Supplement Aims and Scope
Cancer Informatics represents a hybrid discipline encompassing the fields of oncology,
computer science, bioinformatics, statistics, computational biology, genomics, proteomics,
metabolomics, pharmacology, and quantitative epidemiology. The common bond or challenge
that unifies the various disciplines is the need to bring order to the massive amounts
of data generated by researchers and clinicians attempting to find the underlying
causes and effective means of treating cancer.
The future cancer informatician will need to be well-versed in each of these fields
and have the appropriate background to leverage the computational, clinical, and basic
science resources necessary to understand their data and separate signal from noise.

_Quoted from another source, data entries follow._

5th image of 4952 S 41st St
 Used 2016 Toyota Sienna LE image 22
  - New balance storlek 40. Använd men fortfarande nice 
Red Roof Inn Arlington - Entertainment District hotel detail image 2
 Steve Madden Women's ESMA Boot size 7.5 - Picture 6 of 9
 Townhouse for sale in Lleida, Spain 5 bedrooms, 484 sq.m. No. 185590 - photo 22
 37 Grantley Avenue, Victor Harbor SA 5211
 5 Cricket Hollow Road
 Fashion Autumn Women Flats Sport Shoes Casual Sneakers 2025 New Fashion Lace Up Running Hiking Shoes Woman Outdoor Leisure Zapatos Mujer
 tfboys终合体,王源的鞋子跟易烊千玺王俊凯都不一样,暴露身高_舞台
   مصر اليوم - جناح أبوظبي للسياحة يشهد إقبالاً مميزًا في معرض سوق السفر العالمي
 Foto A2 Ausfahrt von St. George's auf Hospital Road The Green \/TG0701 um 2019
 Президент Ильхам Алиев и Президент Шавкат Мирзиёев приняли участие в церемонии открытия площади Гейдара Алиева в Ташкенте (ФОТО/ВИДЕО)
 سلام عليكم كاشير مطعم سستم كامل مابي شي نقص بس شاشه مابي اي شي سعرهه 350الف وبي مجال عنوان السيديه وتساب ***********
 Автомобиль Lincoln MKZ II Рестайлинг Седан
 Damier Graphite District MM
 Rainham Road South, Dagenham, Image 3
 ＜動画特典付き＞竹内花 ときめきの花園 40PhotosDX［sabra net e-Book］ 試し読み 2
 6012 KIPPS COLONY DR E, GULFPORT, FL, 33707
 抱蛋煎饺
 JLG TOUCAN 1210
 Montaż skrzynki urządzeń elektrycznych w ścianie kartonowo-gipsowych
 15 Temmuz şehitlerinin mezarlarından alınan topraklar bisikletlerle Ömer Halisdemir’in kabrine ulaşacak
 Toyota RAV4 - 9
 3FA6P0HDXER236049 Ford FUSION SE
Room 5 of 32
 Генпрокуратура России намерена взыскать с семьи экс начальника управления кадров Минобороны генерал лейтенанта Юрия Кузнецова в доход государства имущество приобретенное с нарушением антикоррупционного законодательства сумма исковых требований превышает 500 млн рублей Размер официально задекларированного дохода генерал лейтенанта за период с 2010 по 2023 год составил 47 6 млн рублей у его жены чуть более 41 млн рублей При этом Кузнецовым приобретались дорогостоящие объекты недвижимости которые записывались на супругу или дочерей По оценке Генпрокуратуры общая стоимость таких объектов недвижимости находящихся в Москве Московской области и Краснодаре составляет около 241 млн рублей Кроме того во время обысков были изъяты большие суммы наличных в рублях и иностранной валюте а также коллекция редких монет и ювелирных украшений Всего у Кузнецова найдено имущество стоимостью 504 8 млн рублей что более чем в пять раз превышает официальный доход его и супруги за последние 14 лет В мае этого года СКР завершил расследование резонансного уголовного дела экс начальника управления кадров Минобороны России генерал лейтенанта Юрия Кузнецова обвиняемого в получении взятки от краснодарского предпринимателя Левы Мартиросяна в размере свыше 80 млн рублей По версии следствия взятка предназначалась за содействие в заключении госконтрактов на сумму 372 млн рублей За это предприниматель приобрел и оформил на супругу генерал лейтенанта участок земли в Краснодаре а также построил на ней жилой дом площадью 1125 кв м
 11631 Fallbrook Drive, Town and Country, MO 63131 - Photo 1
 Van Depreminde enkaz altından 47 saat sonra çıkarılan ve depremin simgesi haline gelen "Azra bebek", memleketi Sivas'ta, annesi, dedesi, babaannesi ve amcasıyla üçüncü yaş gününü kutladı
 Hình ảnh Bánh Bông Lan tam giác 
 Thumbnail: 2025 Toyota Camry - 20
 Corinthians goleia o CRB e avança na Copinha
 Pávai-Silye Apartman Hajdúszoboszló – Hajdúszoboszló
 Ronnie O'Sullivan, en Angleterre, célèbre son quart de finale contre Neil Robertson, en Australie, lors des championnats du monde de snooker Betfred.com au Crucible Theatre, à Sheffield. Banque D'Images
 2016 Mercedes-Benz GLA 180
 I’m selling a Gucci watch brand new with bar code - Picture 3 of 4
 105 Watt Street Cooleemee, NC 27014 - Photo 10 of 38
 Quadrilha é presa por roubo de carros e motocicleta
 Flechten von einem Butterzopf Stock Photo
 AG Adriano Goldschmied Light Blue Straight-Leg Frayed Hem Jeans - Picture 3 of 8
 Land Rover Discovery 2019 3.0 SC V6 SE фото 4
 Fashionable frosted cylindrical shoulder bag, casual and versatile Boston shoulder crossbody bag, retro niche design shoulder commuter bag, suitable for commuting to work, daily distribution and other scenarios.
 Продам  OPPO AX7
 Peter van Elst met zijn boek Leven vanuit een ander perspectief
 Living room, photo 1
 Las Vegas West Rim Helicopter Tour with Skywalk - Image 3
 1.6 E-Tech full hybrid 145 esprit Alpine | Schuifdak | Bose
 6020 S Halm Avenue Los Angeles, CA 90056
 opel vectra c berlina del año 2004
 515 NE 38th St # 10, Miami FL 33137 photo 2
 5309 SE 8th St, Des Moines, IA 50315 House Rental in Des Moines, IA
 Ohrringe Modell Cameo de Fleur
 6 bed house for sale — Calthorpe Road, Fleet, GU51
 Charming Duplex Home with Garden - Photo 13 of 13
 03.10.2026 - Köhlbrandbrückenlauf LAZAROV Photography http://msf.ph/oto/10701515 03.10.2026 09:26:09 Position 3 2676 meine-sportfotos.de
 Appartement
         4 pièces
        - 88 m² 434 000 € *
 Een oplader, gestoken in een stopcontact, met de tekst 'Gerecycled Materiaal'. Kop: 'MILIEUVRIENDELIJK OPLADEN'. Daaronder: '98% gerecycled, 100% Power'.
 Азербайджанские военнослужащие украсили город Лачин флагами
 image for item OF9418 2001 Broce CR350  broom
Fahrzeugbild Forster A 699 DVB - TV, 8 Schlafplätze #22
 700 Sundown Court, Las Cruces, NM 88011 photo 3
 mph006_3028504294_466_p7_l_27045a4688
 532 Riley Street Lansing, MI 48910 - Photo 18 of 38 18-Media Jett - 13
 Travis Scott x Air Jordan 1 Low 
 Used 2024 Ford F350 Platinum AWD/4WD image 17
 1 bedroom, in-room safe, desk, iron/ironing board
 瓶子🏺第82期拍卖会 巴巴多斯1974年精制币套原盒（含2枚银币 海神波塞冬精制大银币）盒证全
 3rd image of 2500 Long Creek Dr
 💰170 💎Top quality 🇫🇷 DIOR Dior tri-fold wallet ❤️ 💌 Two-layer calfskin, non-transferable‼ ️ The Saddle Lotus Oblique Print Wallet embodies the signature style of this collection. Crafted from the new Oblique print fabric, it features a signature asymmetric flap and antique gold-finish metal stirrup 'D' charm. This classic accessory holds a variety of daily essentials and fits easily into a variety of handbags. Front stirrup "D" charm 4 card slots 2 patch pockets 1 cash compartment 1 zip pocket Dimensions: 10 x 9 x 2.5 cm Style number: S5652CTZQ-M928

Knowledge of and the communication among these specialty disciplines, acting in unison,
will be the key to success as we strive to find answers underlying the complex and
often puzzling diseases known as cancer.
Articles focus on computer simulation, bioinformatics, and statistical analysis of
cancer data and processes and may include:
Multi-dimensional Simulation Models of Tumour Response
Simulating Tumour Growth Dynamics
Spatio-Temporal Simulation Models
Parametric Validation of Simulation Models
Simulation of Dynamic Phenomena in Cancer using Highly Specialized Algorithms
Hyper-High Performance and Biocomplexity Systems Modelling of Cancer
Sequence Alignment Methods for DNA-Seq, RNA-Seq, miRNA-Seq, CHiP-Seq Experiments
Spectra Analysis
Generic Visualization Tools
Array-Comparative Genomic Hybridization Visualization
Statistical Methods for Next Generation Sequencing Data
Predictive Modeling for High-Dimensional Data
Robust Feature Selection
Integration and Analysis of Big Biomedical Data
Meta-Data Imaging
Equivalent Cross-Relaxation Imaging
Mathematical Modeling and Image Enhancement of MRI Cancer Data
Rapid Imaging Analysis of PET Cancer Scans
Cancer is a widely-recognized public health burden and a complex disease. High-dimensional
“Omics” research – research that uses high dimensional genomic, pro-teomic, and/or
metabolomic data – has often been motivated by cancer applications1. Important lessons
have been learned in processing and analyzing such data. Further, additional sophisticated
technologies in medical imaging, geographic information systems, and environmental
exposure monitoring also give rise to high-dimensional data. Yet, as quickly as methods
adapt to the new technologies, it seems that biotechnological developments produce
even higher dimensional and more complex datasets – making bioinformatics more and
more critical to the processing and understanding of patient data. But, in the rush
of data processing we must not lose sight of biostatistics principles so that data
are correctly interpreted, signal separated from noise, and new discoveries efficiently
translated into clinical practice without unnecessary delays or inefficiencies. This
supplement includes articles by various researchers in statistics, biostatistics and
bioinformatics who are developing methods for addressing a wide spectrum of scientific
questions related to big data. Some of these main areas are summarized below.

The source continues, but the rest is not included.